As the UK prepares to elect a new government on 4 July, this seems a good moment to reflect on Charles Bradlaugh’s heroic stand for democracy against the religious reactionaries of his day. Bradlaugh, the founder of the National Secular Society (NSS) and an open atheist, was prevented by bigots from taking the parliamentary seat he was elected to represent and was subsequently imprisoned for insisting on his democratic right to do so. Emma Park, in the New Humanist, tells the story:

‘At the time, MPs were required to swear an oath of allegiance to the monarch on the Bible. Quakers were allowed to affirm, but they were the exception. Bradlaugh asked to affirm on the grounds of his atheism. A select committee decided, by one vote, that he was ineligible.
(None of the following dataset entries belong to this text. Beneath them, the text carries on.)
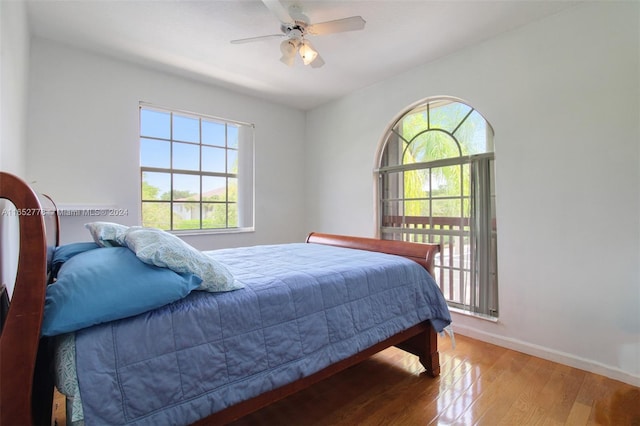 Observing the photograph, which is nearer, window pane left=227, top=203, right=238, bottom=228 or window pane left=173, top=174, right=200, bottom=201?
window pane left=173, top=174, right=200, bottom=201

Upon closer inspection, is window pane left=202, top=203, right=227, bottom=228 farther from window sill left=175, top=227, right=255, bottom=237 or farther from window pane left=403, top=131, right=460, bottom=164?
window pane left=403, top=131, right=460, bottom=164

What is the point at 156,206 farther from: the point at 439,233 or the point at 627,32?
the point at 627,32

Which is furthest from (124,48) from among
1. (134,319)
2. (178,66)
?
(134,319)

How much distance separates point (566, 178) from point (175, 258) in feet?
8.73

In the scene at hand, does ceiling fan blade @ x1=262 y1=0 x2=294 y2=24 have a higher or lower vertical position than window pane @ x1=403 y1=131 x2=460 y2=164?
higher

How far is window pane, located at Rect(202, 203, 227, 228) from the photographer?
3662 millimetres

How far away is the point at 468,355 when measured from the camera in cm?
238

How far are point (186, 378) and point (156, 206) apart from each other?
8.85 feet

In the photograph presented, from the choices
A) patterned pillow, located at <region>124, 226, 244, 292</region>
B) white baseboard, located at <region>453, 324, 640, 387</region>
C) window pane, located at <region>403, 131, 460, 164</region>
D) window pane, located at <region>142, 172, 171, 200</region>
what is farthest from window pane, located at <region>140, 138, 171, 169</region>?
white baseboard, located at <region>453, 324, 640, 387</region>

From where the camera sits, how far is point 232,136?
3.90 metres

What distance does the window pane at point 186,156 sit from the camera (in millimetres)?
3473

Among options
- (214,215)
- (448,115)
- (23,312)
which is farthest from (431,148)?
(23,312)

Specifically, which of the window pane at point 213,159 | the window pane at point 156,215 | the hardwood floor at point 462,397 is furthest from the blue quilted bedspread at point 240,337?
the window pane at point 213,159

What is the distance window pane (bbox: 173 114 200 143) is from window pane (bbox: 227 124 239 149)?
377mm
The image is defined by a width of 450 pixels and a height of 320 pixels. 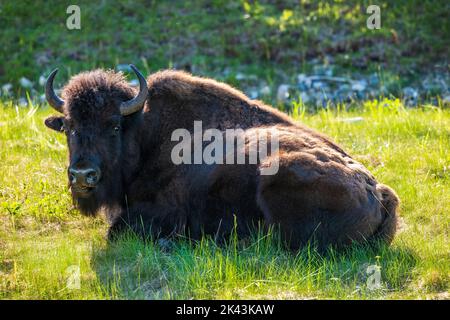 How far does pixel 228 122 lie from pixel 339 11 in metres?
9.85

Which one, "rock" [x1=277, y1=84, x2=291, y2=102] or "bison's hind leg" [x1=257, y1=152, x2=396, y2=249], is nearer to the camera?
"bison's hind leg" [x1=257, y1=152, x2=396, y2=249]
He then tried to take the oath, but before doing so, wrote an over-confident letter to The Times in which he declared that the oath included “to me . . . words of idle and meaningless character”. As Bradlaugh’s biographer, Bryan Niblett, has shown, this merely encouraged those who disliked his atheism to argue that the oath would not be “binding on his conscience”. Others feared that, as a republican, he would not be loyal to the Crown.

In June 1880, Bradlaugh was told by the Speaker of the Commons that he was allowed neither to affirm nor to take the oath. Bradlaugh, in his own words, “respectfully” refused to withdraw, on the grounds that it was “against the law” for Parliament to prevent a properly elected MP from taking his seat. After a dramatic vote, in which only seven MPs supported him, he was arrested by the Serjeant-at-Arms and spent the night in custody in the Clock Tower beneath Big Ben – the last MP ever to do so.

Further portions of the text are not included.